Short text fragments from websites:
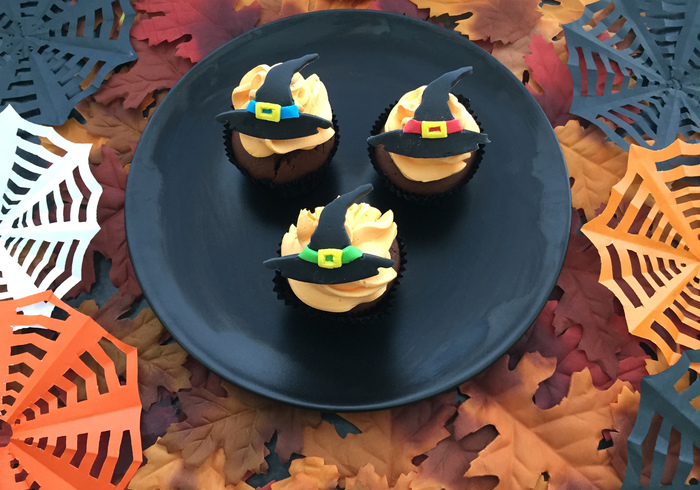 Halloween cupcakes home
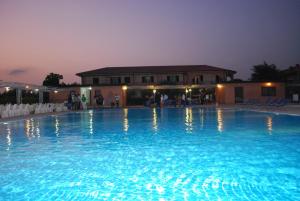 Bazén v ubytování Hotel Borgo degli Olivi nebo v jeho okolí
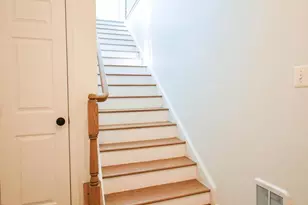 4627 Hummingbird Ln, Fairfax, VA 22033 - Photo 3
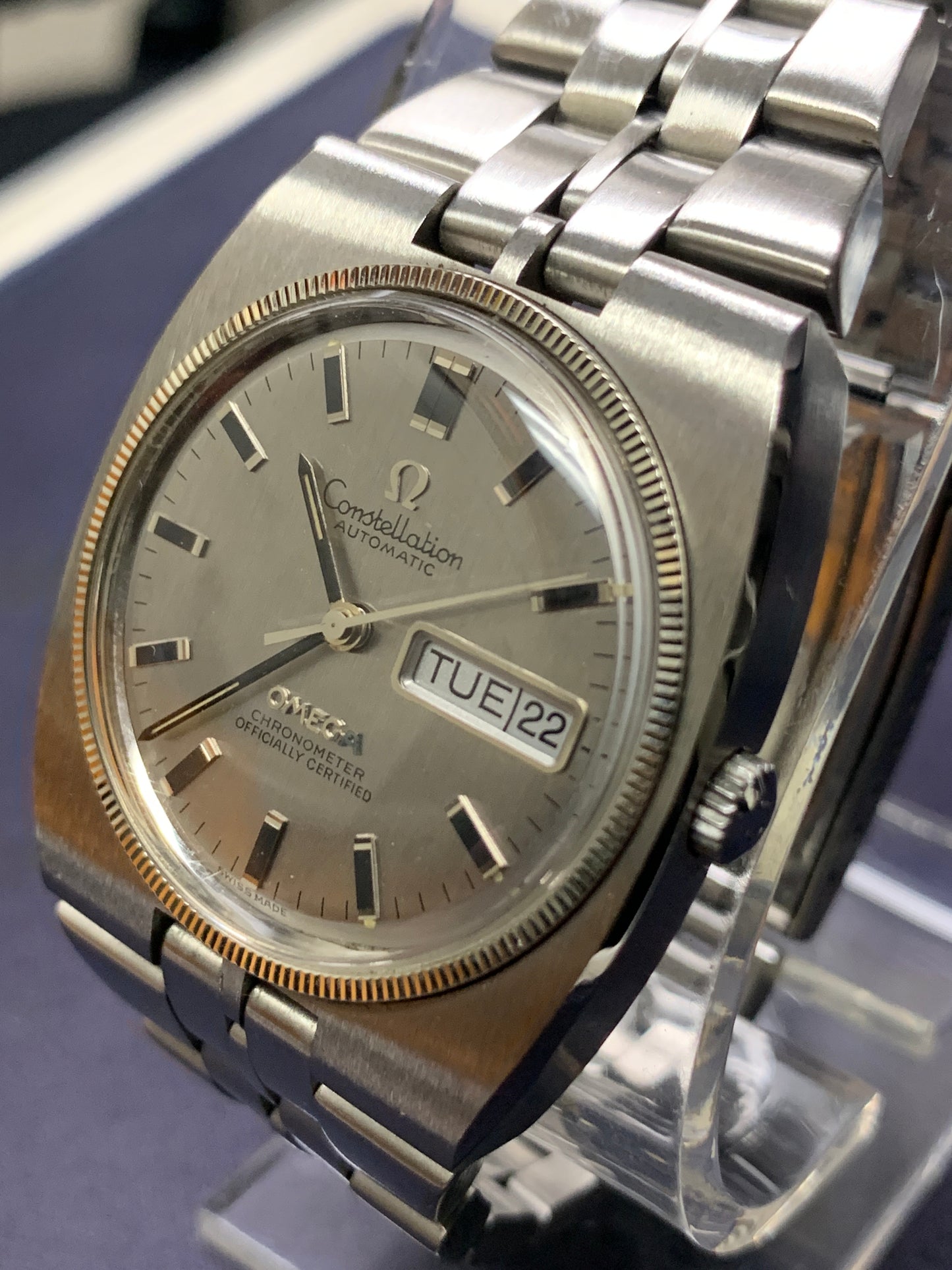 Vintage Omega Constellation Auto Chrono Day-Date 35mm Gray Silver Watch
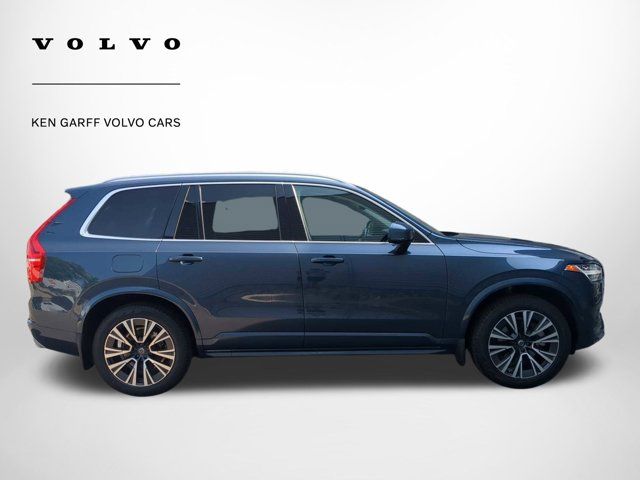 2021 Volvo XC90 Momentum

**WHAT YOU SHOULD DO**
Your task is to give again, unchanged, the lines from the line that contains "4627 Hummingbird Ln, Fairfax, VA" to the end of the records. Include both end lines but no pictures.

**SOLUTION FOR THIS PROBLEM**
 4627 Hummingbird Ln, Fairfax, VA 22033 - Photo 3
 Vintage Omega Constellation Auto Chrono Day-Date 35mm Gray Silver Watch
 2021 Volvo XC90 Momentum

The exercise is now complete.